We learned how to calculate a $p$-value. (pg. 423)
We learned how to do a significance test. (pg. 424) (How different is this than a decision test?)
We learned to compute $p$-values for
one sample $z$ tests
one sample $t$ tests
Tests as decision rules. skip 11.2, 11.6, 11.7, 11.9
we defined a rejection regionr or crtical region
We defined type-I errors and type-II errors, we defined the significance level of a test
$$P(reject H_0 | H_0).$$
we skipped 11.3 and 4 for the most part
In 11.5 we talked about “powerful” tests. In its simplest case, power means that for a fixed type-I error, the type-II error is as small as possible.
We talked briefly about the likelihood ratio tests. The statistic
$$\Lambda = \frac{\sup_{H_0}L(\theta)}{\sup_{H_0 \cup H_A}L(\theta)}$$
is the likelihood ratio for obivious reasons as it is a ratio of likelihoods. By looking at it, you see that small values are consistent with the null hypothesis being invalid. Rejection regions then take on the form $\Lambda < K$.
The value of this statistic is not that it is the most powerful (although it is in the simplest cases) but that it provides a uniform means to assess problems.
Two sample tests skip 12.5-12.8
The notion of treatment effects was discussed. This was summarized by me in the model
$$X_i = \mu + \tau_i + \epsilon_{ij}, 1 \leq j \leq n_i$$
The $\tau_i$ being the effects due to treatment on average, and the $\epsilon_{ij}$ being the mean 0 errors. The null hypothesis we tested was that each $\tau_i=0$, or the have the same means.
The two sample z-test is the topic of section 12.2. For large $n$ we can assume the central limit theorem applies and the statistic employed has a normal(0,1) distribution.

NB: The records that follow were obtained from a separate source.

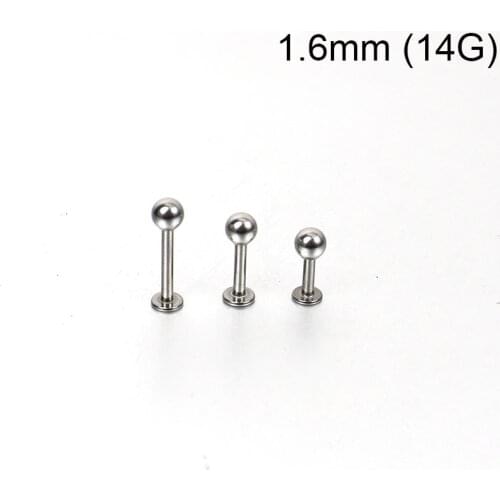 SaYao 14G 1.6mm thick Labret Lip Ring Stainless Steel Tragus Earrings Tongue ring Nipple Ring Body Piercing Jewelry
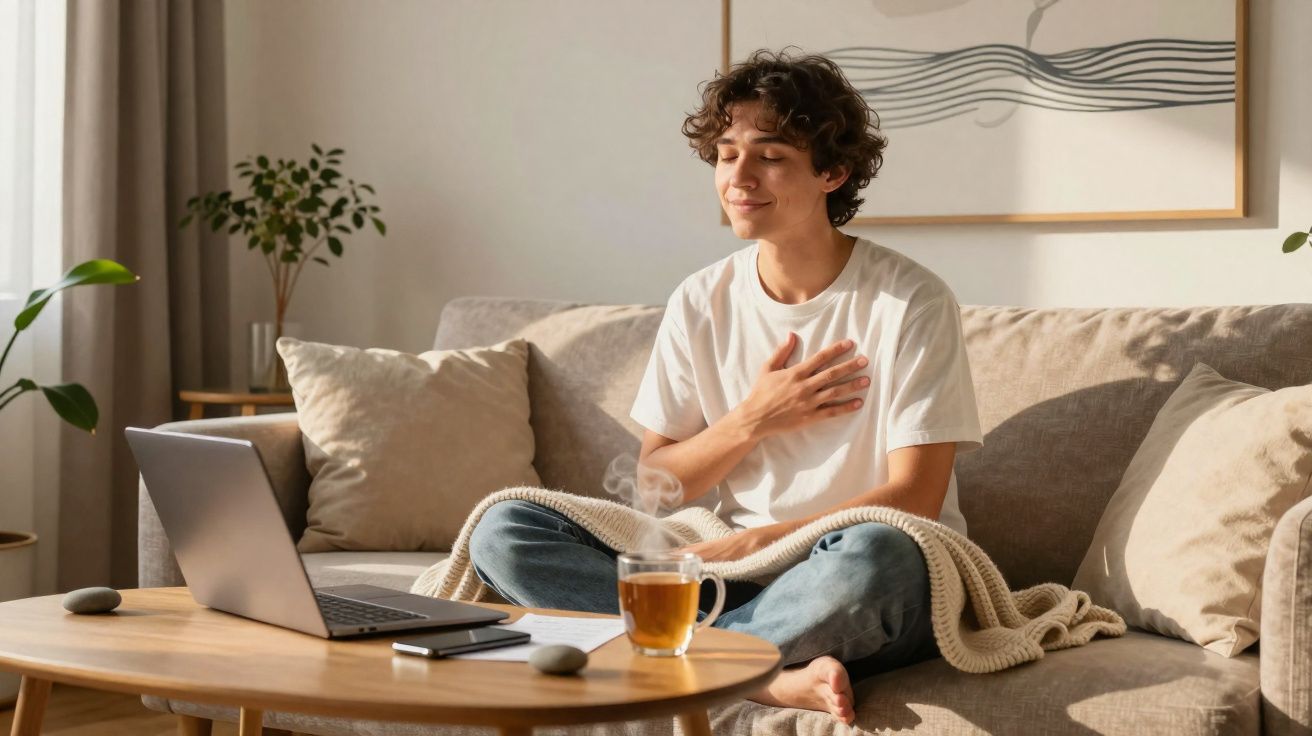 Jovem sentado no sofá com expressão serena, mão no peito, laptop e chá numa mesa à frente.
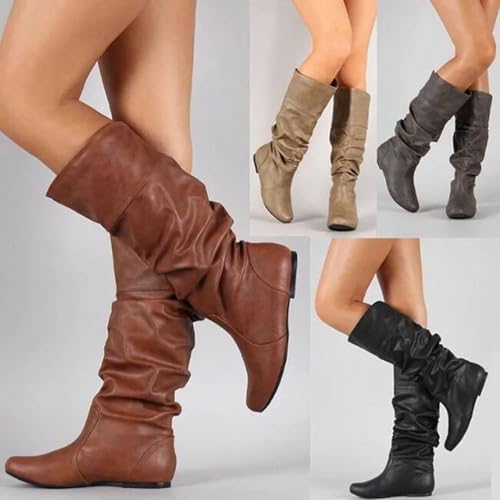 Women's Slouchy Knee High Boots Fall Winter Flat Wide Mid Calf Booties Comfy Slip On Riding Boot Shoes4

in 12.3 populations are compared. This is similar to 12.2, only the formulas simplify under the null hypothesis. (In fact, you don’t need to use an $S$ for the standard deviation, but $\sqrt{p(1-p)}$ )
in 12.4 we did two sample $t$ tests.
Goodness of fit
Know how to do chi-squared test as illustrated in sections 13.1, 13.2 and 13.5. In each case the formula used is
$$\chi^2 = \sum \frac{(\text{Observed} - \text{Expected})^2}{\text{Expected}}$$
This statistic will have under the correct assumptions (large $n$) a chi-squared distribution with $ k - 1 - r$ degrees of freedom. Know how to figure out what $k$ and $r$ are.